В доме началось волнение, оттуда доносился возбужденный гул голосов. Внезапно двое садовников, подстригавших розовый куст у калитки, упали на колени и склонили головы — мимо них прошла Антония Авельянос, а рядом шагал ее дядюшка.
Пожалованный кардинальской шапкой после непродолжительного визита в Рим, приглашенный туда коллегией миссионеров, проповедник, обративший в истинную веру целые племена диких индейцев, участник заговора, друг и покровитель разбойника Эрнандеса, вошел большими медленными шагами, накренившись вперед и сцепив за спиной свои сильные руки. Изможденный, с сумрачным лицом фанатика, первый кардинал-архиепископ города Сулако сохранил свой прежний вид — он был похож на капеллана разбойничьей шайки. Полагали, кардинальский пурпур достался ему не случайно — Рим встревожило вторжение в Сулако протестантов, организованное миссионерским фондом Холройда. Антония, чья красота немного поблекла, а фигура несколько расплылась, вошла легкой походкой, безмятежная, как и прежде, издали улыбаясь миссис Гулд. Вместе с дядюшкой она заглянула повидать свою милую Эмилию, без церемоний, всего на несколько минут перед сиестой.
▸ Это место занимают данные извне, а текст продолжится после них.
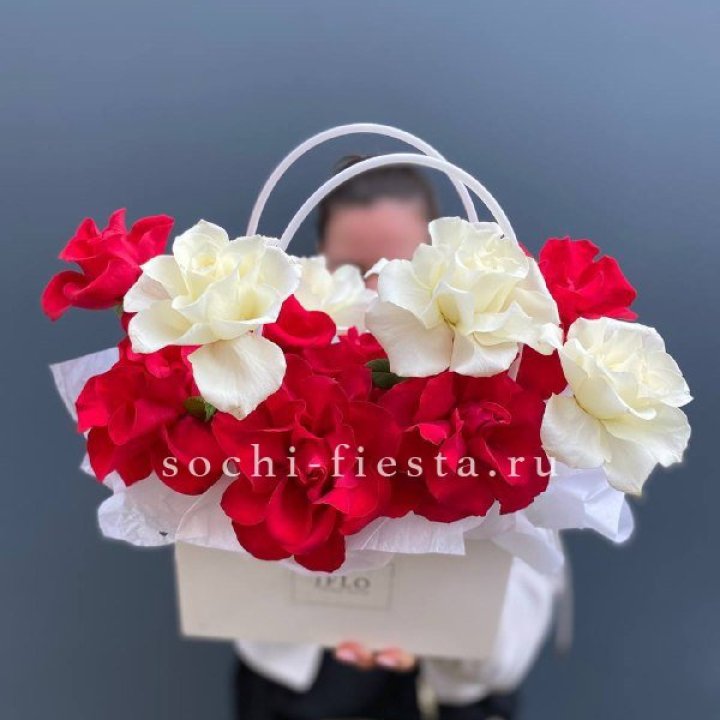 Сумочка  красных и белых роз в Смоленске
Когда все сели, доктор Монигэм, питавший острую неприязнь к любому человеку, связанному каким-то образом с миссис Гулд, устроился в стороне, делая вид, что погружен в глубокое раздумье. Он поднял голову, когда Антония заговорила громче:
— Как можем мы не протянуть руку помощи тем, кто стонет под игом угнетения, кто еще несколько лет назад назывались нашими согражданами и должны так называться и сейчас? — говорила мисс Авельянос. — Как мы можем оставаться слепыми, глухими, безжалостными к тяжким мукам наших братьев? Мы обязаны найти какой-то выход.
— Присоединить оставшуюся часть Костагуаны к Сулако, — раздраженно огрызнулся доктор. — Тогда и у них будет благосостояние и порядок. Вот единственный выход.
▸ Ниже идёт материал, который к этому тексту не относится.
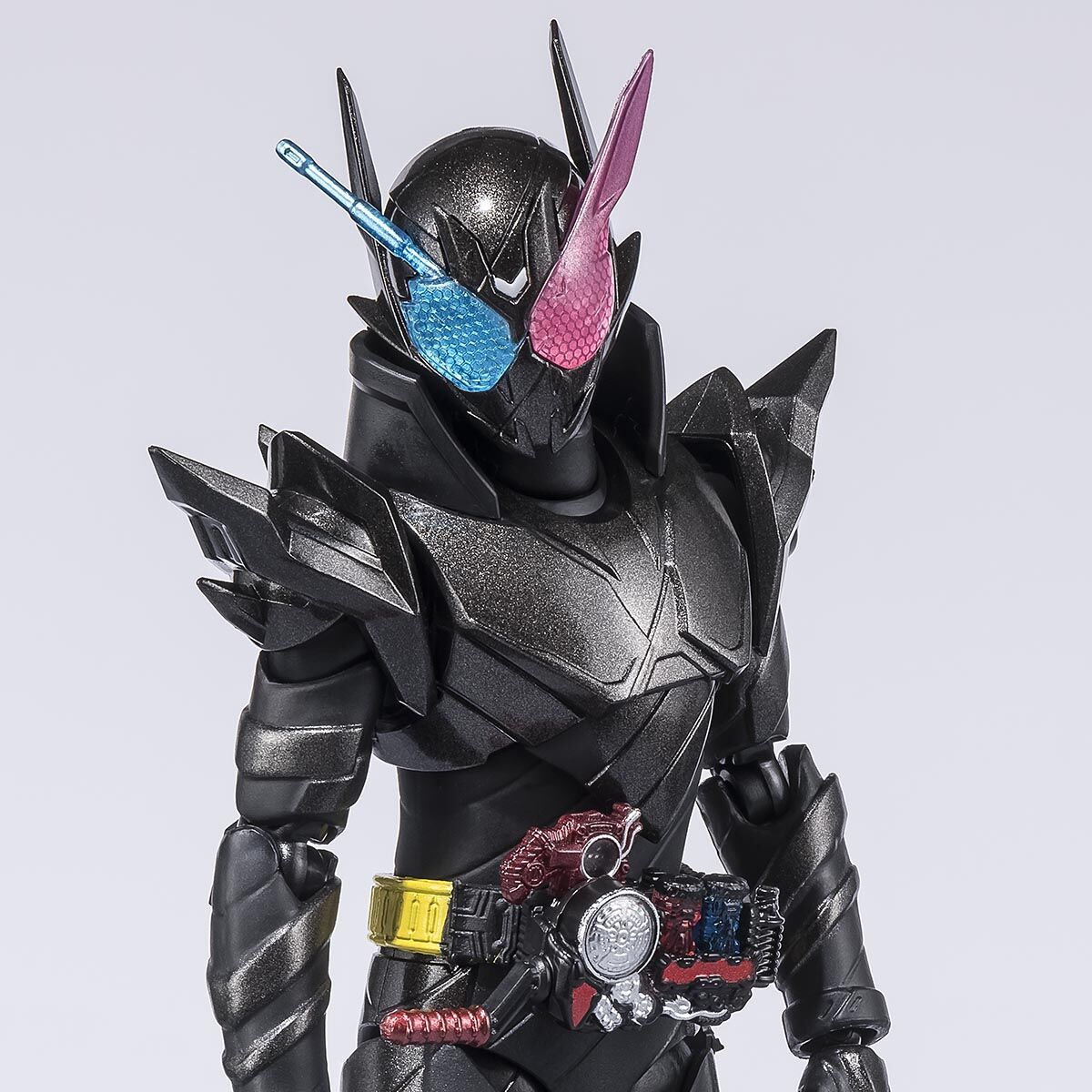 【未開封】仮面ライダービルド ラビットタンクハザードフォーム 01.png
— Я уверена, сеньор доктор, — сказала Антония с той спокойной серьезностью, которую дает только твердая убежденность, — что наш бедный Мартин всегда желал именно этого.
— Да, но кто позволит вам подвергать опасности развитие материальных интересов ради таких пустяков, как сострадание и справедливость, — брюзгливо буркнул доктор. — И, пожалуй, это можно понять.
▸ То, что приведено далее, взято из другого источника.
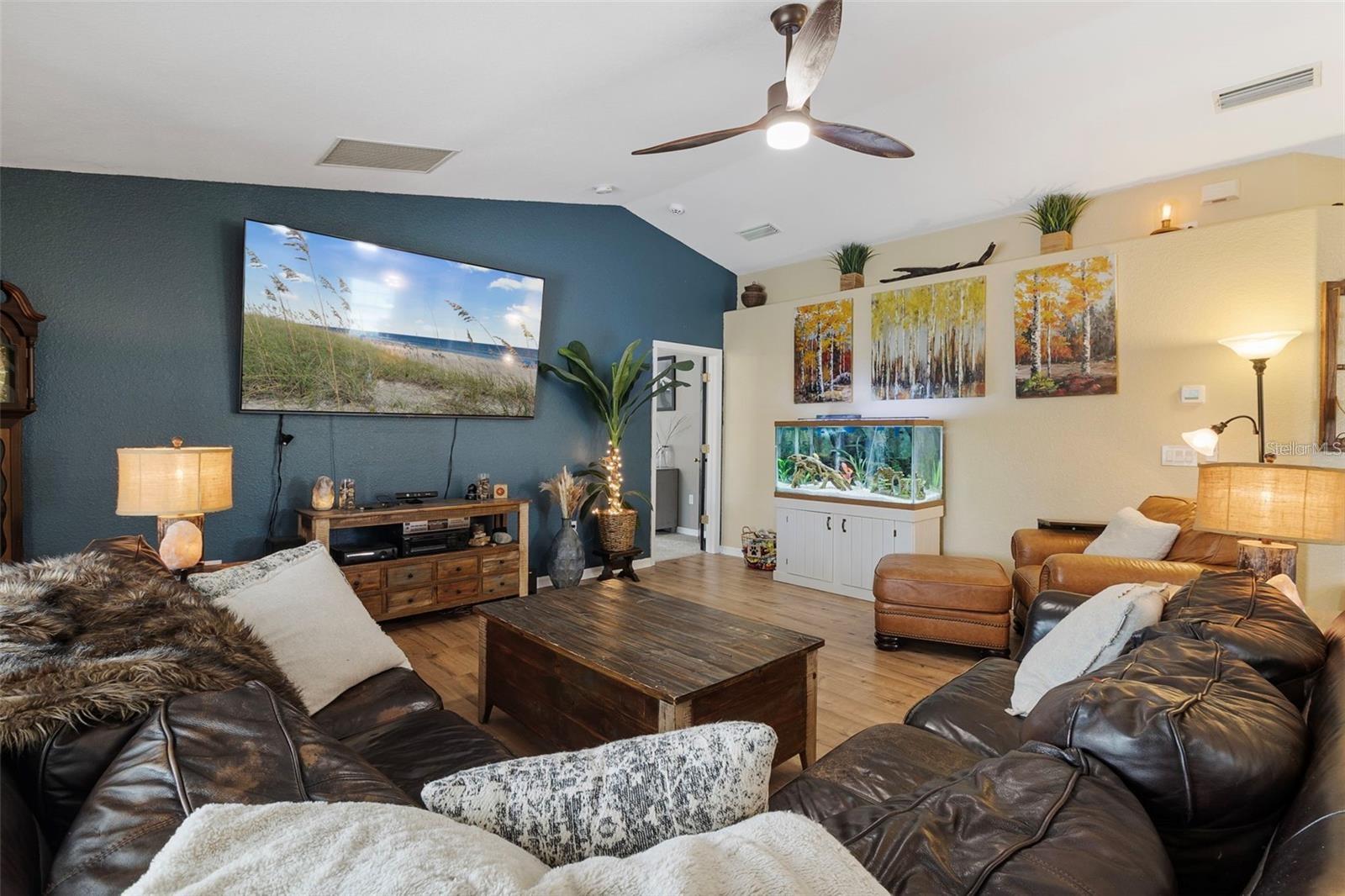Listing Image #4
Кардинал-архиепископ выпрямил свой костлявый стан.
— Мы работали на них; мы создали для иностранцев эти самые материальные интересы, — пророкотал последний из Корбеланов.
— Но вы ничто без них, — выкрикнул доктор. — Они не позволят вам действовать.
— Тогда пусть поостерегутся, ибо народ восстанет и потребует своей доли богатства и власти, — веско и с угрозой произнес любимый прихожанами кардинал-архиепископ.
Наступила пауза, в течение которой его преосвященство, нахмурившись, разглядывал траву, а Антония сидела в кресле, стройная и изящная, безмятежная и убежденная в своей правоте. Затем политику оставили в покое и заговорили о поездке Гулдов в Европу. Кардинал-архиепископ во время пребывания в Риме страдал от невралгических болей в голове. Плохой климат, плохой воздух.
Когда дядя и племянница собрались уходить и слуги снова пали на колени, а старик привратник, дряхлый и полуслепой, служивший еще при Генри Гулде, склонился, чтобы поцеловать руку его преосвященства, доктор Монигэм взглянул им вслед и произнес одно лишь слово:
— Неисправимые!
Миссис Гулд подняла к небу глаза и устало уронила руки на колени, сверкнув золотом и драгоценными камнями.
— Новый заговор. Еще бы! — сказал доктор. — Последний из Авельяносов и последний из Корбеланов только и делают, что вступают в сговор с беглецами из Санта Марты после каждой революции. Кафе Ламброзо в переулке возле Пласы кишмя кишит этими эмигрантами. Они трещат, как попугаи, их слышно через улицу. Совещаются по поводу вторжения в Костагуану. А знаете, где они черпают силы, где собираются набрать необходимое для нашествия войско? В тайных обществах, состоящих из эмигрантов и местных жителей, где Ностромо — мне следовало сказать, капитан Фиданца — большой человек. Как он достиг такого положения? Что помогло ему? Особый дар. Да, у него особый дар. Его любят и почитают в народе сейчас еще больше, чем прежде. Он обладает как бы некой тайной силой; нечто мистическое помогает ему пользоваться таким огромным влиянием. С ним совещается архиепископ… точно так же, как в памятные нам обоим старые времена. От Барриоса уже не будет толку. Но военачальник у них есть — святоша Эрнандес. И они могут поднять всю страну, выдвинув новый девиз: благосостояние народу!